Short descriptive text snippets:
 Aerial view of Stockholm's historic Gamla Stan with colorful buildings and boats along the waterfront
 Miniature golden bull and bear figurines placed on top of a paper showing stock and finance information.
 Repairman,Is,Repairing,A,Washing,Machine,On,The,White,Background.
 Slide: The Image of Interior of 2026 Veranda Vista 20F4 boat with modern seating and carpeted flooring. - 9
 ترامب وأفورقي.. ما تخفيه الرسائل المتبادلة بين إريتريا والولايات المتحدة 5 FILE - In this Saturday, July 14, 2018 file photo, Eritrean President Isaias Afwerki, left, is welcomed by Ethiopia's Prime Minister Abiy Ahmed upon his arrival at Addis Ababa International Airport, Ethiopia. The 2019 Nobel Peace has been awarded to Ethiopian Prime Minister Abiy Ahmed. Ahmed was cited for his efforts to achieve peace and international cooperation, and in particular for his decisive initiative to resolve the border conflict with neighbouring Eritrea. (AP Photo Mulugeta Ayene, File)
--
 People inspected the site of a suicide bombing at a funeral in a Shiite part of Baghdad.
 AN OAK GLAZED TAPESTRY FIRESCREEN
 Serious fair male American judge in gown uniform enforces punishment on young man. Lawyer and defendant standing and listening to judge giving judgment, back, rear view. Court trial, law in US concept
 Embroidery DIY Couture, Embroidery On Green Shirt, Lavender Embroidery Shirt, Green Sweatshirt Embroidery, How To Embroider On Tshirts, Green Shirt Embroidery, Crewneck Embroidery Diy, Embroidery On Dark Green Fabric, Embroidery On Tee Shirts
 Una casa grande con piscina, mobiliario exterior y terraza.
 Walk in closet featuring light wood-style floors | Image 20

• **Your instructions**
Only the lines above from the line with "Embroidery DIY Couture, Embroidery" to the line with "Walk in closet", those two lines included, should be reproduced exactly.

• **Solution for this exercise**
 Embroidery DIY Couture, Embroidery On Green Shirt, Lavender Embroidery Shirt, Green Sweatshirt Embroidery, How To Embroider On Tshirts, Green Shirt Embroidery, Crewneck Embroidery Diy, Embroidery On Dark Green Fabric, Embroidery On Tee Shirts
 Una casa grande con piscina, mobiliario exterior y terraza.
 Walk in closet featuring light wood-style floors | Image 20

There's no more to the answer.